**SUPPLIED ENTRIES**.

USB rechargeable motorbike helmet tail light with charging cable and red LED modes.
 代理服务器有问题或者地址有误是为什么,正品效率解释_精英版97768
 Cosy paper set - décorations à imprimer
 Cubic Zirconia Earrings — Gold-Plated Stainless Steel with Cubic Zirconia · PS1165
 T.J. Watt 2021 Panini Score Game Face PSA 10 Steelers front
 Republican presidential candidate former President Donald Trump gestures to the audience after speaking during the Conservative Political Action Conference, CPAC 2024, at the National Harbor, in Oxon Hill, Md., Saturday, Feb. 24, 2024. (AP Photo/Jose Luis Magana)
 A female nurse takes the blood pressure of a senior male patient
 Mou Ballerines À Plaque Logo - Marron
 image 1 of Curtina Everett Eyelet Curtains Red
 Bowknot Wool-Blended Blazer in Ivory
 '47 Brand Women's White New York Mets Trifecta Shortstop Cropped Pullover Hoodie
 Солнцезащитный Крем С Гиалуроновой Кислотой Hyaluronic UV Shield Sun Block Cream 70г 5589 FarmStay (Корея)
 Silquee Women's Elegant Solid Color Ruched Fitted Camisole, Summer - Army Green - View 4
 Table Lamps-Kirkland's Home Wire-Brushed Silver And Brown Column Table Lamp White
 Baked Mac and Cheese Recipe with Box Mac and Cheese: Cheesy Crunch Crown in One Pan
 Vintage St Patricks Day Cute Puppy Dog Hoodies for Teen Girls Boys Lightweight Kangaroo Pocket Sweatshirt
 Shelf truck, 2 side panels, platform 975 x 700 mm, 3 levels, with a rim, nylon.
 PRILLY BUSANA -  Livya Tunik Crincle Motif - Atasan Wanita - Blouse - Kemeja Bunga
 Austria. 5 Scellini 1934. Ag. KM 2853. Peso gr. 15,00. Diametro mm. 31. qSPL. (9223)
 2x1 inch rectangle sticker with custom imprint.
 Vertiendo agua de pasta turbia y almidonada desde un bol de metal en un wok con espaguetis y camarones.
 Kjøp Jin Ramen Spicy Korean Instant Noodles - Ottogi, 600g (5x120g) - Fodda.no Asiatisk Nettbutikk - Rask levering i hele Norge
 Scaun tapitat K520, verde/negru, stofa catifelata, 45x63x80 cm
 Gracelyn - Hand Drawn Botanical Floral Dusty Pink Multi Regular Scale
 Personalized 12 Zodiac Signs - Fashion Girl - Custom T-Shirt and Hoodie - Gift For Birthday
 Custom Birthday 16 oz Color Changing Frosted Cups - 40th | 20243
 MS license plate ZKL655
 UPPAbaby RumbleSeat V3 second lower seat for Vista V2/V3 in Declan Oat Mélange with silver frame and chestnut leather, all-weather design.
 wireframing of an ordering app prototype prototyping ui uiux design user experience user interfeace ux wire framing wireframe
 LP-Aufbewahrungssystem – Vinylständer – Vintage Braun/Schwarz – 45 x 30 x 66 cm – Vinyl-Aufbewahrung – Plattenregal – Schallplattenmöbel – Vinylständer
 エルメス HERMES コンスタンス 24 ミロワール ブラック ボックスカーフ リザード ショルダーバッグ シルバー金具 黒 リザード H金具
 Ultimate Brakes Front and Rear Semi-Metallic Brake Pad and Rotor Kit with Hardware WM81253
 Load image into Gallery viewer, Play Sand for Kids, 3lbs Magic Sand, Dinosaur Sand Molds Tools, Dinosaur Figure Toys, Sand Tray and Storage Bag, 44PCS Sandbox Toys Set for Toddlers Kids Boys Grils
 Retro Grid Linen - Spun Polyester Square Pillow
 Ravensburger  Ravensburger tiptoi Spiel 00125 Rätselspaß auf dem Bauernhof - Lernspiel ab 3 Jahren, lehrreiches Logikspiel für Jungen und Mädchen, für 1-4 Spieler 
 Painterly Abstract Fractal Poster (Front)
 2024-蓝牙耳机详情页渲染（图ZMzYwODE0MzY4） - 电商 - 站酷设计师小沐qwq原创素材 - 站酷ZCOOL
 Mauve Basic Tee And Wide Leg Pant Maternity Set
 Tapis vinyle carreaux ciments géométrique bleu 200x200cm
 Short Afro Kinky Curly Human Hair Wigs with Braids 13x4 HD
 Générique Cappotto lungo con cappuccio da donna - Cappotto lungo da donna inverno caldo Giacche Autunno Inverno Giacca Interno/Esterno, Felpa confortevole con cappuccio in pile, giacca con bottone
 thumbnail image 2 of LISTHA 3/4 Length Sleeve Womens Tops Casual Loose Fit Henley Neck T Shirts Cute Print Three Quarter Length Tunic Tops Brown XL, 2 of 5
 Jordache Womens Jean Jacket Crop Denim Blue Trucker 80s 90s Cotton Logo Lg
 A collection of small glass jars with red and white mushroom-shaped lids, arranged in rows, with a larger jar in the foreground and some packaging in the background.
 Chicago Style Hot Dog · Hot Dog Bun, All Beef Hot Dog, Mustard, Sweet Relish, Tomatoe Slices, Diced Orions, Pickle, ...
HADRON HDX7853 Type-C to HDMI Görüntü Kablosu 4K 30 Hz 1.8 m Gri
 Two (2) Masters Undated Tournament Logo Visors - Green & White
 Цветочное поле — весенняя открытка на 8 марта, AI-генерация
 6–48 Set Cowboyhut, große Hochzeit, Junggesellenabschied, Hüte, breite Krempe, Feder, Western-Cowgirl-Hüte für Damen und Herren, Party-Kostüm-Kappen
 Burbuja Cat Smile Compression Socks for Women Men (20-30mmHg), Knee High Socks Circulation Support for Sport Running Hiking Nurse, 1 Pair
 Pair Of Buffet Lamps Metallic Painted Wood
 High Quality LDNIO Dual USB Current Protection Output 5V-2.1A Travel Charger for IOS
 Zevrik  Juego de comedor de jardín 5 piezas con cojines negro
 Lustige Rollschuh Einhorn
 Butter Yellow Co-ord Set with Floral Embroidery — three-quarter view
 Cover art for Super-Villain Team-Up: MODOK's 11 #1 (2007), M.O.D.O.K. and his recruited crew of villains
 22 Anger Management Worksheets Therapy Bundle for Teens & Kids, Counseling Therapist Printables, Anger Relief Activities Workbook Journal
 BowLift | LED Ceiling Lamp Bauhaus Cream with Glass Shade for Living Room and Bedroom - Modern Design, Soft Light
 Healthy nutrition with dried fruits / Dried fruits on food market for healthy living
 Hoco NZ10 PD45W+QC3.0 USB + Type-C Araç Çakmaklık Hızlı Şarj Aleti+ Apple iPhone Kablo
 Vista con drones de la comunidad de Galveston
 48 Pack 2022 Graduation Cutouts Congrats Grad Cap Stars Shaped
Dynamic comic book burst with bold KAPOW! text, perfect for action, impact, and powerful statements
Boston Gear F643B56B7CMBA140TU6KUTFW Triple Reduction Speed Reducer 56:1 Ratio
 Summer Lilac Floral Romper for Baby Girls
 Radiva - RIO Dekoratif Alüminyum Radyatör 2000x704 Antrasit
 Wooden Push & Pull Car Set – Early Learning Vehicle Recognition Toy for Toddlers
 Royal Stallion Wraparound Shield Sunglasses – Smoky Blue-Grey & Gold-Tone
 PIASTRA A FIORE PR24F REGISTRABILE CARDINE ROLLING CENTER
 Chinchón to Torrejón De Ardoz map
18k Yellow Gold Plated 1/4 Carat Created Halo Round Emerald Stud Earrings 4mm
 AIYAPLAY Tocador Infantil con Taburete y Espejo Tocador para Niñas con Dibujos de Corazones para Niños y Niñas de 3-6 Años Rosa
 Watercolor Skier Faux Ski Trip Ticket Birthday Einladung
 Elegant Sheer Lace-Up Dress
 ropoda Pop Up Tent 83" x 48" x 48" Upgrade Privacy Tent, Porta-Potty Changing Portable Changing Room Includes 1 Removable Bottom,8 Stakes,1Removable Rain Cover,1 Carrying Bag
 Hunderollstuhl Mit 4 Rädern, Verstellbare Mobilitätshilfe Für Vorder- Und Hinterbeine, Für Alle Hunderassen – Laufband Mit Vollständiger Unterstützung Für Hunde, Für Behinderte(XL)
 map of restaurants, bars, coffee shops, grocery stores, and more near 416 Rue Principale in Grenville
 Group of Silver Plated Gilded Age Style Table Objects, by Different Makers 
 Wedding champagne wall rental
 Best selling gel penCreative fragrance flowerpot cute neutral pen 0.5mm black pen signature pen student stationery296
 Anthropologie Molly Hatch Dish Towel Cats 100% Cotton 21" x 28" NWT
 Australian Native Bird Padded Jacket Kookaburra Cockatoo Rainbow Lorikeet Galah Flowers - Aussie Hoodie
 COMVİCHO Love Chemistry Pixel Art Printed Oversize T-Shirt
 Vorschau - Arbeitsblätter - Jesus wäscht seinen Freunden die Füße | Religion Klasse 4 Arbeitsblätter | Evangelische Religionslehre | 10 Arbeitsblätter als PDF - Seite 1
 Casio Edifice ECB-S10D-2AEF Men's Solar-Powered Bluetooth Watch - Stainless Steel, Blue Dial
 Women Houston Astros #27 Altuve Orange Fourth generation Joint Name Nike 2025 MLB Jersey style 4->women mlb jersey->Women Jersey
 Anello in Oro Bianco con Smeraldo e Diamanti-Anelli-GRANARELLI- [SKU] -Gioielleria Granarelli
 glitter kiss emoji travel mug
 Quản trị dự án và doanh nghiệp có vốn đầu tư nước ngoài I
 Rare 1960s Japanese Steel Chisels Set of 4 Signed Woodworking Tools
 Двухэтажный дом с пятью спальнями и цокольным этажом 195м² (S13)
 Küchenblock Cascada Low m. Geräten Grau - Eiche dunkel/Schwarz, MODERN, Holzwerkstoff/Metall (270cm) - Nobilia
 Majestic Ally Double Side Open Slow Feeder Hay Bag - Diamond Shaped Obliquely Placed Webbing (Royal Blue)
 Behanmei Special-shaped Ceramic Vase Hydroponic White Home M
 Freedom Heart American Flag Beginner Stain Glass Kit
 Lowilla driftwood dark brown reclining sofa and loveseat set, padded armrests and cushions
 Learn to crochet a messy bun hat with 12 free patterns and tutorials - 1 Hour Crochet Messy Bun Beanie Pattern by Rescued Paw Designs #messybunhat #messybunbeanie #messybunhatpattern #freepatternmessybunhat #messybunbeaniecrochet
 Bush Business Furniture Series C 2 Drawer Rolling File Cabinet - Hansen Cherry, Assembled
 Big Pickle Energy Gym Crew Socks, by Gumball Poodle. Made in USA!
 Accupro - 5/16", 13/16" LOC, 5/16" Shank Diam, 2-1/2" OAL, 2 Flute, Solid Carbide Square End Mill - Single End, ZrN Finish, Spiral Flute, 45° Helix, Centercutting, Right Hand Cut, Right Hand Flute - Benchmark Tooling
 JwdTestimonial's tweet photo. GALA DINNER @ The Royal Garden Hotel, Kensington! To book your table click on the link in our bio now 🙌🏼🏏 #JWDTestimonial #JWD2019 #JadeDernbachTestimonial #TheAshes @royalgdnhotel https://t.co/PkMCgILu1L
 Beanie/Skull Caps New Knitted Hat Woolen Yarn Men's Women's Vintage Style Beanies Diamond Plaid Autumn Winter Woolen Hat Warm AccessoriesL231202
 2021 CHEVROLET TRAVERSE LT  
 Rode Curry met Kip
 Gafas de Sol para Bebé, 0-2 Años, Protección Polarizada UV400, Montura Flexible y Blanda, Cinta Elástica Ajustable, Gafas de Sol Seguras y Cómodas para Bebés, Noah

**REQUIRED WORK**. Write out, exactly and with nothing else, the lines of the listing above from its first line through the line with "T.J. Watt 2021".

**REPLY**.
USB rechargeable motorbike helmet tail light with charging cable and red LED modes.
 代理服务器有问题或者地址有误是为什么,正品效率解释_精英版97768
 Cosy paper set - décorations à imprimer
 Cubic Zirconia Earrings — Gold-Plated Stainless Steel with Cubic Zirconia · PS1165
 T.J. Watt 2021 Panini Score Game Face PSA 10 Steelers front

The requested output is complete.